Tahap Pertukaran Afektif
Tahap pertukaran afektif adalah tahap awal kedekatan antara
anak dengan orang tua. Seiring berjalannya waktu, anak mulai nyaman
berkomunikasi dengan orang tua mereka menyampaikan masalah-masalah emosi mereka.
Mereka akan cerita terkait dengan kecemasan, frustrasi, kebingungan, dan
permasalahan-permasalahan lainnya. Dari sini orang tua mulai lebih memahami
sisi emosional anak.

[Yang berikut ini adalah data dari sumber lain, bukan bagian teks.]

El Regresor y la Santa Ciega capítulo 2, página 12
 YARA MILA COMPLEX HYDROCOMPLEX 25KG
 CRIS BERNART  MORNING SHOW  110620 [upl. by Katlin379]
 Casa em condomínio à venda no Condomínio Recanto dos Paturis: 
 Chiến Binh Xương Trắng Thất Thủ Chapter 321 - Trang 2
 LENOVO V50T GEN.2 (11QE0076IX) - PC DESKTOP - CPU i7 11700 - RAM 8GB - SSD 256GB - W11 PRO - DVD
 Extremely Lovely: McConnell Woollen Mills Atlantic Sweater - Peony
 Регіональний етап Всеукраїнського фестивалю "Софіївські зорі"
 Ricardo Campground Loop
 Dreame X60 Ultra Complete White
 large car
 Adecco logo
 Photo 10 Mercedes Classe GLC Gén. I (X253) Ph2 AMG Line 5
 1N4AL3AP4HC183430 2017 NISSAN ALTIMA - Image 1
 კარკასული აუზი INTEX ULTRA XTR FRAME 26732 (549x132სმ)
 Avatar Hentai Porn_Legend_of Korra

Sangat penting peran orang tua memberikan dukungan, nasehat,
motivasi, dan semangat untuk mereka.
4.
Tahap Pertukaran Stabil
Tahap pertukaran stabil adalah tahapan ketika terbangun hubungan
hangat intim antara anak dengan orang tua. Dalam hal ini anak lebih sangat terbuka
dan sangat nyaman kepada orang tua. Mereka senangtiasa menyampaikan permasalahan-permasalahan
dan isu-isu sensitif yang dialaminya. Penting kaitannya peran orang tua untuk selalu
dekat, mendukung, memotivasi, merangkulnya, dan selalu hadir untuk menguatkan
serta memberikan motivasi dan hal-hal baik untuk anaknya.